The summary of the computation of LBP is illustrated in the figure below

Three texture classes that were considered for this activity are sand, sponge and wood. At least five samples for each class were considered. The first set of texture samples is shown below. 

Sand texture samples in grayscale. 

Information about the texture are presented here through histogram. The LBP histogram for each sample of the sand texture is shown below. Aside from the peak at the very dark and the very light values or the two ends of the histogram, the other bins don't have drastic difference in values. This histogram pattern was consistent for all five sand samples. 

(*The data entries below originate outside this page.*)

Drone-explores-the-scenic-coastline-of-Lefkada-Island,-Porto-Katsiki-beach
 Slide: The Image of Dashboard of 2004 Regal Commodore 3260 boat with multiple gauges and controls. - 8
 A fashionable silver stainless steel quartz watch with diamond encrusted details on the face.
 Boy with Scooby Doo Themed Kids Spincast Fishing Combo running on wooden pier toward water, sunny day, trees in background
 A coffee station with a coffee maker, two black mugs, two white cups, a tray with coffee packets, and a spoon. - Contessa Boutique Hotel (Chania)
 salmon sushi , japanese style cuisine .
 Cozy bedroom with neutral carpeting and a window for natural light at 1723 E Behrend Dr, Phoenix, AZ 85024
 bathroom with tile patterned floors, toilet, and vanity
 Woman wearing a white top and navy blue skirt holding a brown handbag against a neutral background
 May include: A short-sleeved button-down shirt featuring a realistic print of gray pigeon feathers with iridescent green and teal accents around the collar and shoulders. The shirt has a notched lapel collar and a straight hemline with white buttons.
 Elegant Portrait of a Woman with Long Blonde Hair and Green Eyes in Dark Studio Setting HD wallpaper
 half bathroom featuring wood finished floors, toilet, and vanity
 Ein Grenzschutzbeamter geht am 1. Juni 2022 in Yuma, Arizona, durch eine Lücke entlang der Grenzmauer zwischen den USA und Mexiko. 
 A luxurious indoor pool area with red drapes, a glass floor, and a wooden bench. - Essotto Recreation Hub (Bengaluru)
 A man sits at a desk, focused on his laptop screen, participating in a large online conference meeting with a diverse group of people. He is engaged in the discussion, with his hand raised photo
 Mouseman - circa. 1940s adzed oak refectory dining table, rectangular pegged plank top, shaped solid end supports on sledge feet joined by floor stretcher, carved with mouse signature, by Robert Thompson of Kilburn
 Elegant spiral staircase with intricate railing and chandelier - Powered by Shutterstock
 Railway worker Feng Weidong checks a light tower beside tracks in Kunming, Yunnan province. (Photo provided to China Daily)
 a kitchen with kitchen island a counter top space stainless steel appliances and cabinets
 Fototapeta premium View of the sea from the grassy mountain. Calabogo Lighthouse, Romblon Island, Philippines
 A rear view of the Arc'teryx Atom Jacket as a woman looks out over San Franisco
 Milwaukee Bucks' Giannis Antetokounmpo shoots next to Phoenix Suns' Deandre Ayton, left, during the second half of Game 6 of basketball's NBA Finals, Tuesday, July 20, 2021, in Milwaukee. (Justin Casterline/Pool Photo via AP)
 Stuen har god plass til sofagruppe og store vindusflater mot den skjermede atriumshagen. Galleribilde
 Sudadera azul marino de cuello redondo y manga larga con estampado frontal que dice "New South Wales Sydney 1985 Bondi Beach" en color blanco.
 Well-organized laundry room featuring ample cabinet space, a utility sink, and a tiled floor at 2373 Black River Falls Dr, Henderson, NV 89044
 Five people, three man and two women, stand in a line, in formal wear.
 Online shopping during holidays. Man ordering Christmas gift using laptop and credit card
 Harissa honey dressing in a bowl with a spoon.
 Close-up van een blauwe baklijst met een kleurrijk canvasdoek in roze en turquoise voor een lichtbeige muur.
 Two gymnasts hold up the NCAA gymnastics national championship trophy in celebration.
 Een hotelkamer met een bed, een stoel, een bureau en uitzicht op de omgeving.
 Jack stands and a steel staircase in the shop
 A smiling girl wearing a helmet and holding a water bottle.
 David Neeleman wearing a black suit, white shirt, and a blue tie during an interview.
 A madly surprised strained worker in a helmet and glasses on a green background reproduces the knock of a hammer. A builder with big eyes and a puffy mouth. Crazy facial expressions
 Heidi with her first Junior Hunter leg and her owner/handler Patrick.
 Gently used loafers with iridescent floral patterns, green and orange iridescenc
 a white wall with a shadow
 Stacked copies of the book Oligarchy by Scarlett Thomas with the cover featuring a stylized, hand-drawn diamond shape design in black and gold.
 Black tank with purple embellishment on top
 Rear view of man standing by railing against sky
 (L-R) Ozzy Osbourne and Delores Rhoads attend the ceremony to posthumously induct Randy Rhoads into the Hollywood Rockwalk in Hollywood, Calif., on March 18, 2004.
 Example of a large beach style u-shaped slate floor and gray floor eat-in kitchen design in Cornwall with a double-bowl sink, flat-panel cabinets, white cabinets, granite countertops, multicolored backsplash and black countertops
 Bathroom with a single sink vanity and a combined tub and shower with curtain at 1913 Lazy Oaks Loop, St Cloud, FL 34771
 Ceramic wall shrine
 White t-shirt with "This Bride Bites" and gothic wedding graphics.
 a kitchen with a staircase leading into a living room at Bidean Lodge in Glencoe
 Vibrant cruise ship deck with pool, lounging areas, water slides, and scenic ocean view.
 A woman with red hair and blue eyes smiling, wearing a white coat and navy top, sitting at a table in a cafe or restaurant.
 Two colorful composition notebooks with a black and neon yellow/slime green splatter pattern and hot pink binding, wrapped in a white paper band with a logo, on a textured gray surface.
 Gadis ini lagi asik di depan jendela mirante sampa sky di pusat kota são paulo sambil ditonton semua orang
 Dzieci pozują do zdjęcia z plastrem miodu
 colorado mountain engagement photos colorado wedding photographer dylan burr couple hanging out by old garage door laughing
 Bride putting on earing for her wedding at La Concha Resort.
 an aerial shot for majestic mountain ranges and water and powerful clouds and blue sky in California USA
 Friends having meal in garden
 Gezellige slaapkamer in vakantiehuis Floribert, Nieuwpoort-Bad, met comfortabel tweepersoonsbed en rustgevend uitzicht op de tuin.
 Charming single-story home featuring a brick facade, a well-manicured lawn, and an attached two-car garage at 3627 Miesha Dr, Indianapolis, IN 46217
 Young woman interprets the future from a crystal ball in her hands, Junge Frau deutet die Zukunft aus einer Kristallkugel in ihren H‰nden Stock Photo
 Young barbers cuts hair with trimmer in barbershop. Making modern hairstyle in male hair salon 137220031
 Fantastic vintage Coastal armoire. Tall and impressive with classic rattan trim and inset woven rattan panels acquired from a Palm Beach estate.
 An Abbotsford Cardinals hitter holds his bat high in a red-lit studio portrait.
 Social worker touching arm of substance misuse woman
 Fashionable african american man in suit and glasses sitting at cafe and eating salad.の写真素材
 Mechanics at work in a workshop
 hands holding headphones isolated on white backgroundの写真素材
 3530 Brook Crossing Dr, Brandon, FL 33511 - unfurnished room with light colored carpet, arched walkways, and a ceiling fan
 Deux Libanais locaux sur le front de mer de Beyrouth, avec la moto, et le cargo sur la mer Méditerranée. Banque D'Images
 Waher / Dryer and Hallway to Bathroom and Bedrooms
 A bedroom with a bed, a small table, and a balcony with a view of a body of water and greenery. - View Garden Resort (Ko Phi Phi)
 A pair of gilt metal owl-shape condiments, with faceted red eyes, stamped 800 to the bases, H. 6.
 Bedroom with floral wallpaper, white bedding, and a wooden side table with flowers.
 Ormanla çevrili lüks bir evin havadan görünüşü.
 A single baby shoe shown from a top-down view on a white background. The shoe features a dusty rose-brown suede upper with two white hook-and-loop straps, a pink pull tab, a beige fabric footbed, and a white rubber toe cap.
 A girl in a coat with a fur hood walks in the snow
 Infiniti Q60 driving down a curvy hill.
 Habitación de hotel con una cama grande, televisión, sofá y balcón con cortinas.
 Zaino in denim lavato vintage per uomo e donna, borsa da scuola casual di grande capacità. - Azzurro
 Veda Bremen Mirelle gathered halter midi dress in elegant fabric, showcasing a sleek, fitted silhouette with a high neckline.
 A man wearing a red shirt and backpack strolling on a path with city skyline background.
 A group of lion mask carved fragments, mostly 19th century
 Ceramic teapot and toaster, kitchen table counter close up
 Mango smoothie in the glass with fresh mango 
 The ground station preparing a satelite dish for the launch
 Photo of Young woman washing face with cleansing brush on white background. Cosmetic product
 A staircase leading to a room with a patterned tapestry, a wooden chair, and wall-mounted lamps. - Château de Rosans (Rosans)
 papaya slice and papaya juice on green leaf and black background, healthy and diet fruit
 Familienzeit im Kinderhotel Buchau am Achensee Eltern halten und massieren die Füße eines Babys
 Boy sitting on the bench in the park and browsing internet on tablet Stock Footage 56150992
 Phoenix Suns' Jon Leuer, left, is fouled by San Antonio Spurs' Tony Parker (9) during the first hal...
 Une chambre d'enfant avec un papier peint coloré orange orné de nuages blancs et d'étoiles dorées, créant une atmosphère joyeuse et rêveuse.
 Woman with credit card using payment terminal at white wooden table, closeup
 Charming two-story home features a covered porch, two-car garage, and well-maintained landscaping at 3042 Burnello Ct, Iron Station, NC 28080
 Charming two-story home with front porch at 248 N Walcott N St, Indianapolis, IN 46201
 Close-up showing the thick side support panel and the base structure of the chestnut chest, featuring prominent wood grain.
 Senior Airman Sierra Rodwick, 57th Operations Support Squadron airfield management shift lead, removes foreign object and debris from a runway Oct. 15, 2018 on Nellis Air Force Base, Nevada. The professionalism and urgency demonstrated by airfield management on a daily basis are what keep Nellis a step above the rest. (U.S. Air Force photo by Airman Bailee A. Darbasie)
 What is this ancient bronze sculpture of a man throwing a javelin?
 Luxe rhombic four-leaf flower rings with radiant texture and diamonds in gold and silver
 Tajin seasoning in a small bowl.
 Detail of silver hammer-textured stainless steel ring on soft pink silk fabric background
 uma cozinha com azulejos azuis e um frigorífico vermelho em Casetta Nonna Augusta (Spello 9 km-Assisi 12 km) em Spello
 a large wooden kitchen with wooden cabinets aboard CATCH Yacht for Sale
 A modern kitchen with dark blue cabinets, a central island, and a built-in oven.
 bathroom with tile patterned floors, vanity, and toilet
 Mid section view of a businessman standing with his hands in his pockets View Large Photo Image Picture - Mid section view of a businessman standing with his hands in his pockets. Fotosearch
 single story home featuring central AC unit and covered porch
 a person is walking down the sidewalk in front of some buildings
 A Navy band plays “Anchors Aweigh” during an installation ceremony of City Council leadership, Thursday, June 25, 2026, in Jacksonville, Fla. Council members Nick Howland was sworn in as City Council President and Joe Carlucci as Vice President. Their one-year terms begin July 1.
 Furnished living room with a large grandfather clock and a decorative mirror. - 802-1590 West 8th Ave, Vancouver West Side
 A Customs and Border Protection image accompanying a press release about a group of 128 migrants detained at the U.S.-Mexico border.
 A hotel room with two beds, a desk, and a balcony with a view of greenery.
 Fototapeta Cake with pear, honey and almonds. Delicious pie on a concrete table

LBP histogram of five sand texture samples.

Sponge texture samples

Sponge texture samples in grayscale.

The LBP histogram for each sample of the sponge texture. Ideally, different texture have different histogram. The difference of the sand LBP histogram between the sponge LBP histogram are easily noticeable. The histogram of the sponge texture as shown below have sudden drop and rise in their values but this is relatively the same result for all five sponge textures. 



Wood texture samples

Wood texture samples in grayscale.

Lastly, the LBP histogram for each sample of the wood textures was acquired. It was observed from the figure below that the three fork shape at the middle was prominent for all the histograms. But for other part, we can reasonably say that they are similar to each other. 


But for strong argument sake, I presented below their corresponding histograms using smaller bins for this set of texture. Now, we can observed the similarity between the five histograms better. The middle values have relatively negligible density as compared to the rest where the the right side seems to have heavier weight than the left side. This is different from the other textures because the LBP histograms of sand and sponge have pretty much symmetric right and left sides.